When I designed and built 'Lil Tuff Chunk', my first piece in a new path of making physical art as opposed to strictly sound-art, I Was working primarily as an Art Director for different types of video and movie shoots in Los Angeles. I was driving up my street after a day of shooting and discovered this pile of interesting looking objects and colors on the side of the road being thrown away. Different types of
plexiglass, acrylic, resin objects, and materials that I really haven't been too familiar with yet. One of the more notable pieces was a
very thick semi-translucent slab of.. something. I wasn't even really sure what it was at the time. It was really heavy, and the translucence of the material along with the pigmentation was incredibly perceptually interesting to me. I took that piece and I knew that I wanted to make *something* with it.

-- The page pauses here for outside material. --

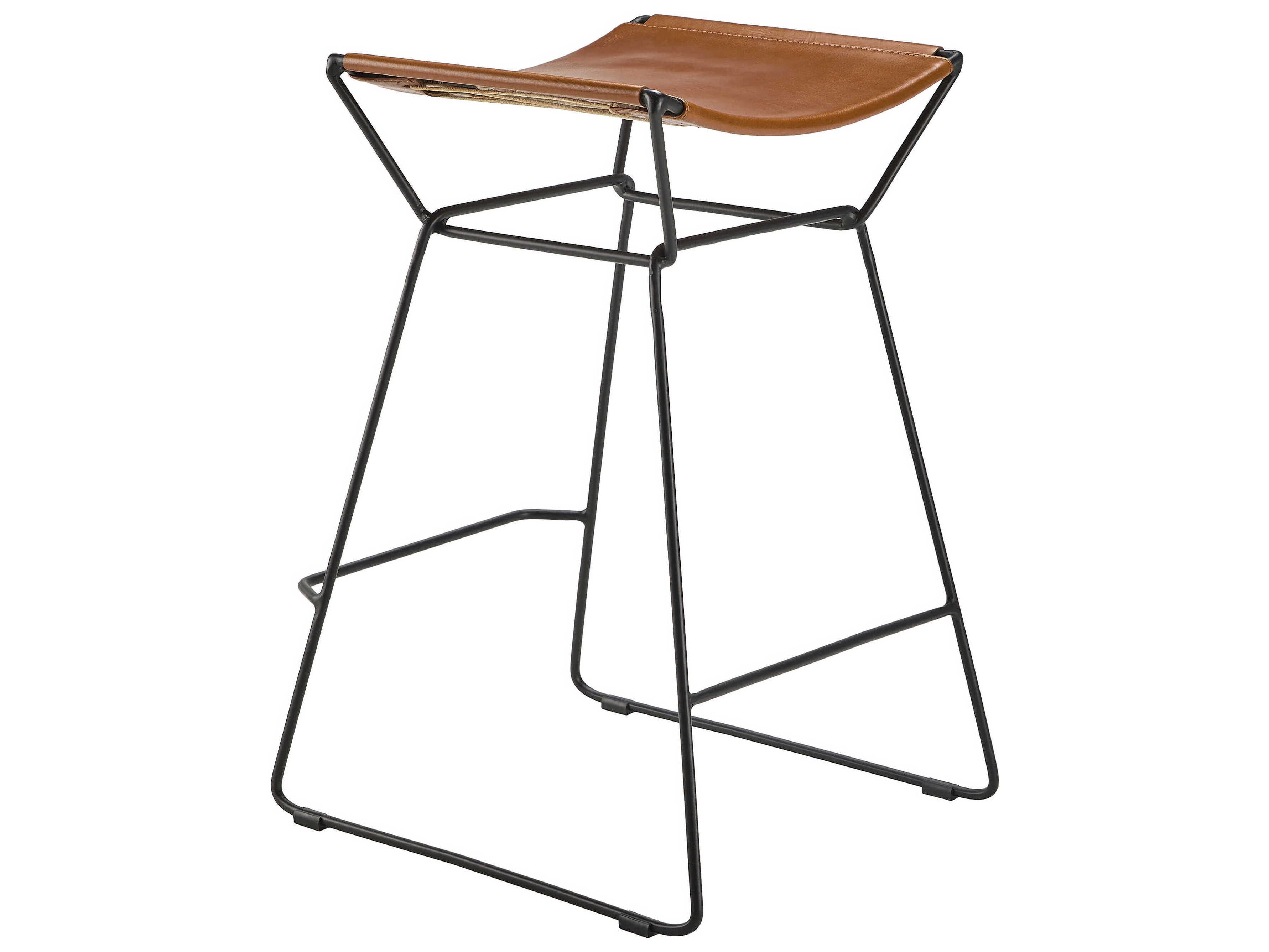 Surya Celerio Brown Gray Leather Counter Stool
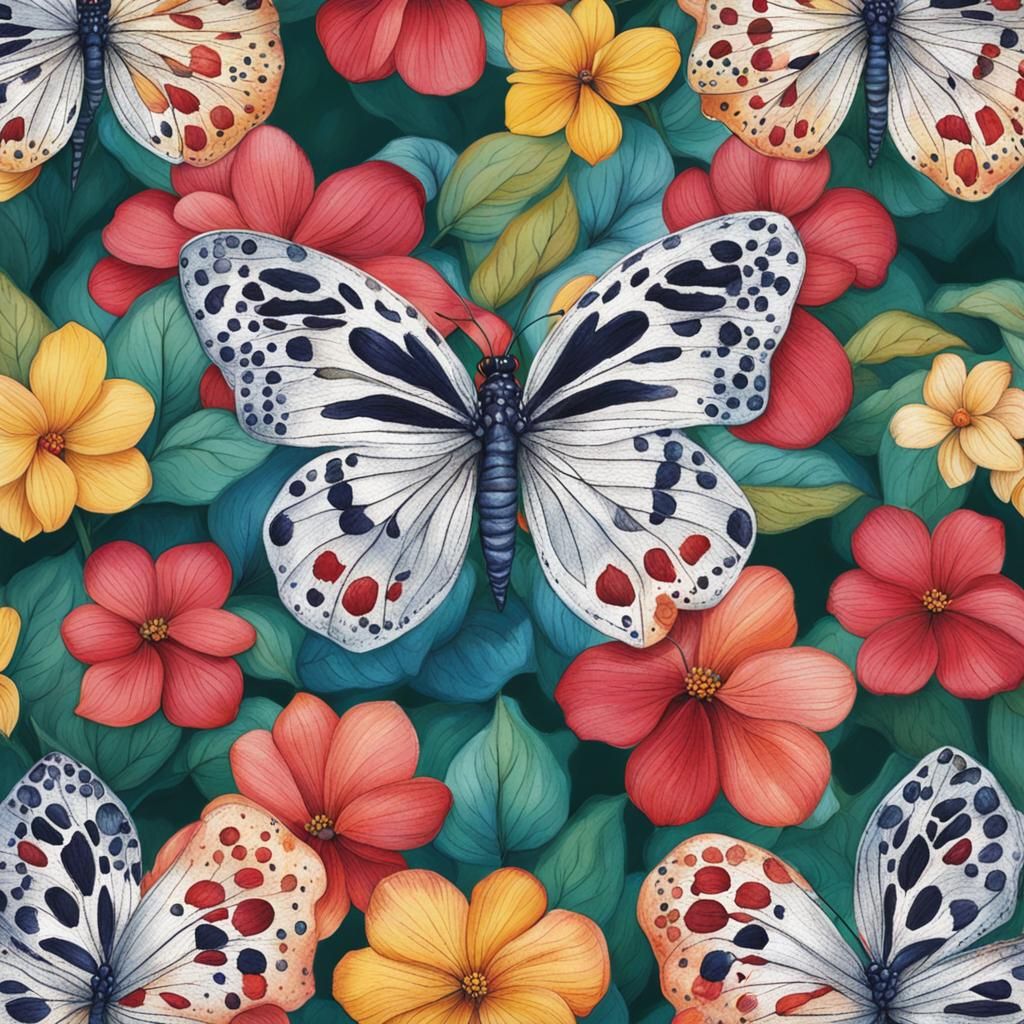 Flower in Paradise with Butterflies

As I completed this first piece I realized that sitting in front of me was a small glimpse into the roadmap of my personal socioculturally-driven tastes and inspirations. When I originally designed it I really didn't take the concept much farther than aesthetic, or so I thought. I had this image in my head, and I wanted it to be a thing in the real world. However upon finishing, I knew that there was something more in there
that I hadn't explored yet on a personal level. I started to trace the finished piece back through the zeitgeist of my own life. The following is a recreation of my experience while starting to study the object itself:
Observing it, there is:
-color, bright, primary
-that weird phenomenologically interesting state of translucence in the resin top
-glowing, golden, murky color through the top when lit from underneath
-exposed steel hardware and other construction/fabrication materials
-shapes, curves, hard angles, mix of textures
-capability of rolling via large industrial casters
To me, simply put, it's a mix of aestheticism and utilitarian details. The color, shape, and to some degree the overall design I feel is a matter
of aesthetic personal taste. I liked the *look* of the semi-translucent resin top, but there also could be something more there in a phenomenological sense. Being able to see through it, the *glow* of it when there's a light source present, the cloudiness or fogginess of the substance permanently cured within it that stops some light from passing through and allowing it to be classified as
only *semi*-translucent. Then there are these other things happening, that don't seem to be wholly related to aestheticism, or possibly even at all? These exposed steel elements, and these locking casters. What are these doing? I do in fact like them aesthetically, BUT, I don't *really* feel that's why they are there. Thinking about and exploring this topic I'm realizing that I've always liked utilitarianly-minded design in an aesthetically-focused way, but the aestheticism part is only the partial end result of the interest, whereas the initial interest itself
lies somewhere else entirely.
So what is it about utilitarian design that I find appealing in a non-aesthetic way? I'm probably far too biased to answer this question
myself in a way that isn't influenced by the very same variables that I'm contemplating. Despite this, if I attempt to, I come to these vague phrases like, "getting it done", or "making it happen". Attitudes that aren't bogged down with things subjective things like color, pretty shapes, pleasing or interesting textures. It's JUST about getting the thing done so you can go home and relax (hopefully). These patterns of thought and oftentimes even belief systems for life all come across as being very blue-collar and very working-class to me.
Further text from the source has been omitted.